EDA Lessons Learned - Persistence

See EDA Lessons Learned for the list

Our EDA is Stream Event Processing based.

There are *lots and lots* of events. It blows your mind to listen to all of the events at once (just subscribe to # in SonicMQ). It is like watching the Matrix. Most of the events aren't terribly meaningful to a typical subscriber. Many of the events are only used in the source system in "event workflows".

EDA is highly distributed. Our system has many different processes and machines publishing and subscribing to events. Persistence is very easy to get wrong in an environment like this. The first lesson is to put enough data in each event so that subscribers of the event do not need to gather more data from the source. Also, in terms of inserts and updates, you have to be careful of table / row locks etc. If you are not careful, you'll have N processes with N threads on N machines trying to hit the same data source.

For us, a lot of these "ordinary / non-notable to downstream service events" are used in event workflows. State is important - you have to put it somewhere. The key is to think very carefully about where you put it and non screw it up.
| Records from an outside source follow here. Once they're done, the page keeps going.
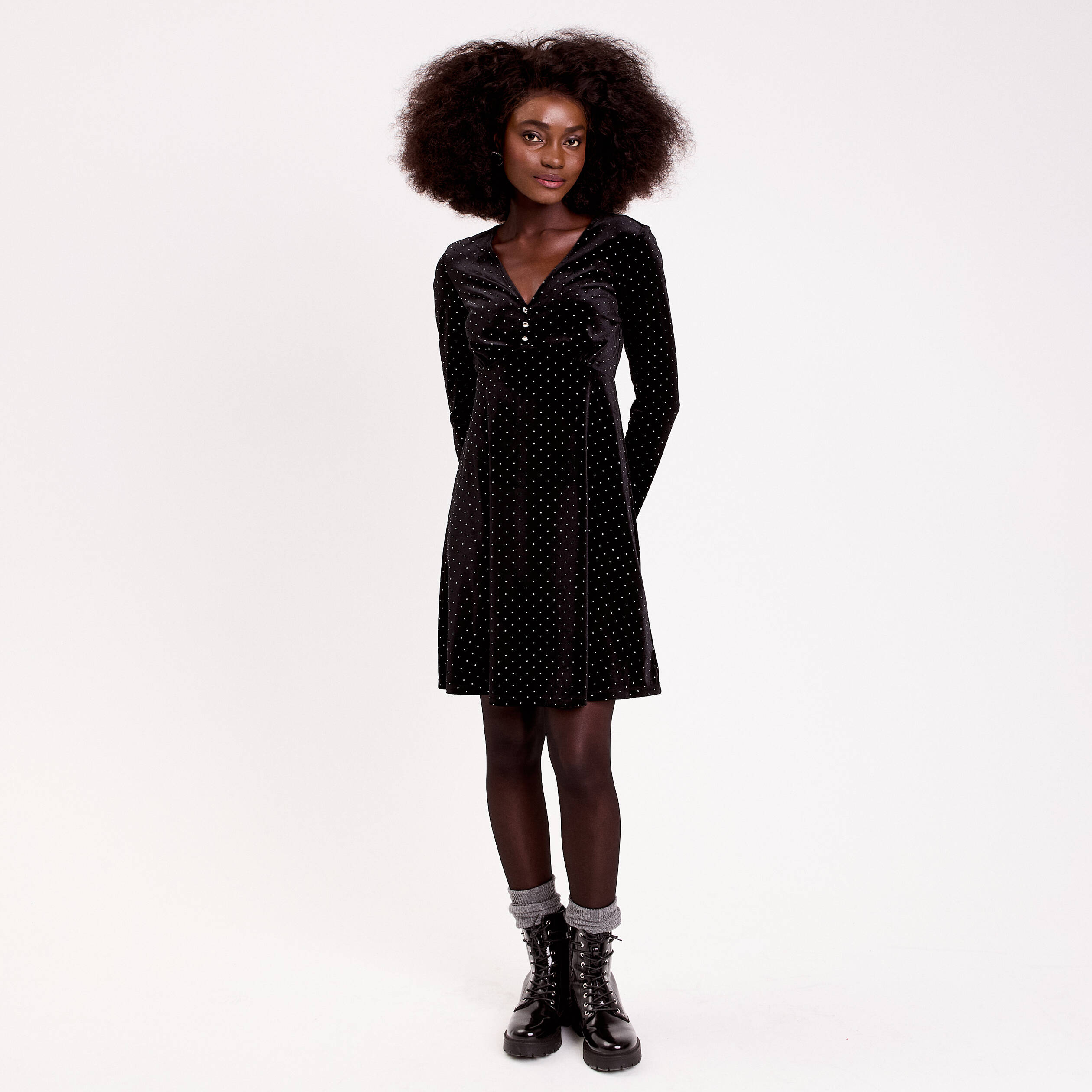 Robe patineuse courte velours col v noir femme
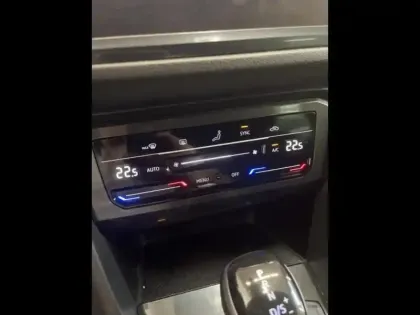 Photo 10 Volkswagen Tiguan  1.5 TSI 150ch R-Line DSG7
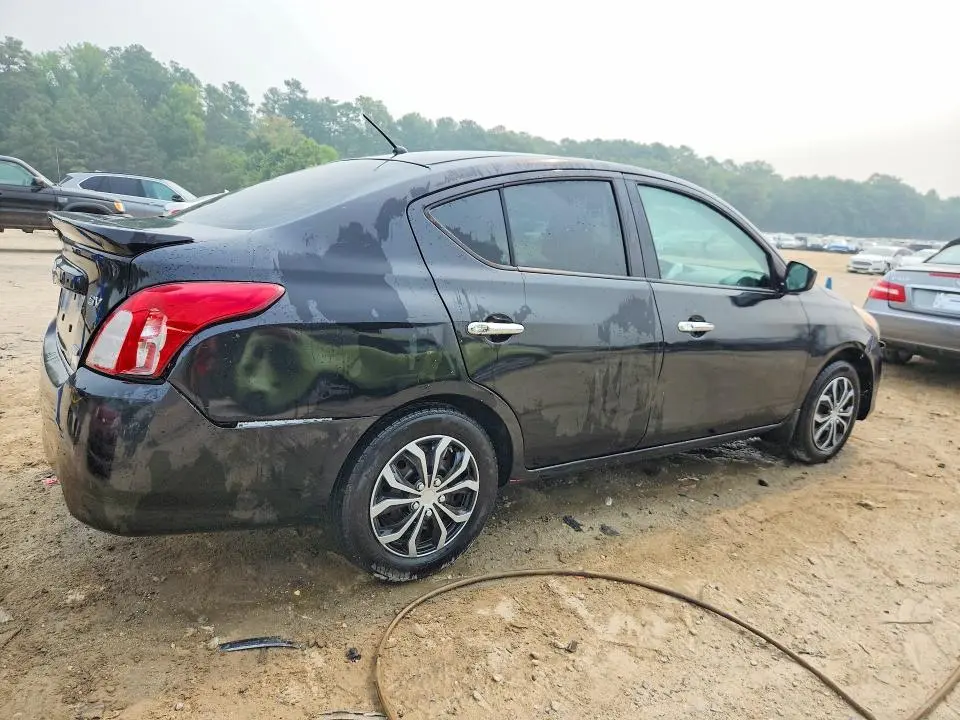 2016 NISSAN VERSA 1.6 SV  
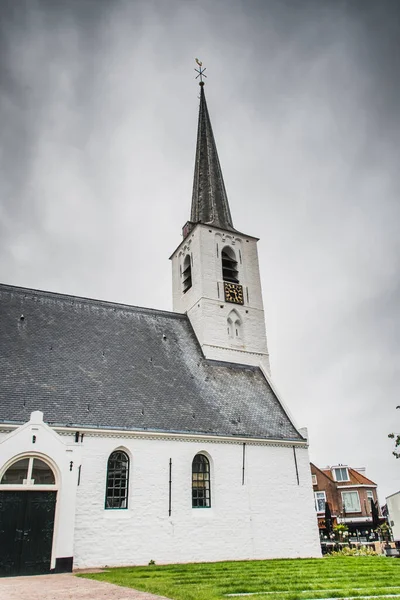 Biały Kościół Noordwijkerhout Holandii — Zdjęcie stockowe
Here is a list of some general thoughts on the subject:

  • As mentioned above, put the appropriate amount of data in each event so that subscribers do not need to gather more data from the sending system
  • If you are using persistent messaging & durable subscriptions as your EDA backbone, trust it! You do not need to persist state in each service that handles an event. If you do, you are going to regret it
  • XML shredding is expensive and results in a high defect rate (on the way in and out)
  • Separate transient (i.e., part of event workflow), terminal state (i.e., completed event workflow), and reporting data bases (ODS, Data ware house, OLAP)
  • Beware of O/R tools
    1. Work ok in experienced hands, but caching difficult if multiple services in different JVMs have separate cache, mistakes can be hard to fix
    2. Use proper granularity
    3. Emitted SQL not always performant
    4. Often ends up being more complicated then JDBC
  • Consider XML database, high performance reliable file system, or caching solution for transient data


John J Wright said...

Hi Mike,

My name is John Wright and I find your blog very helpful and informative. We have similar backgrounds. I recently started working for CapeClear Software and am interested in your EDA experience but have found all of your entries to be very thought provoking.


Cameron Purdy said...

I've had very similar experiences to what you describe.


fuzzy said...

Hey thanks John - glad to hear that it is useful.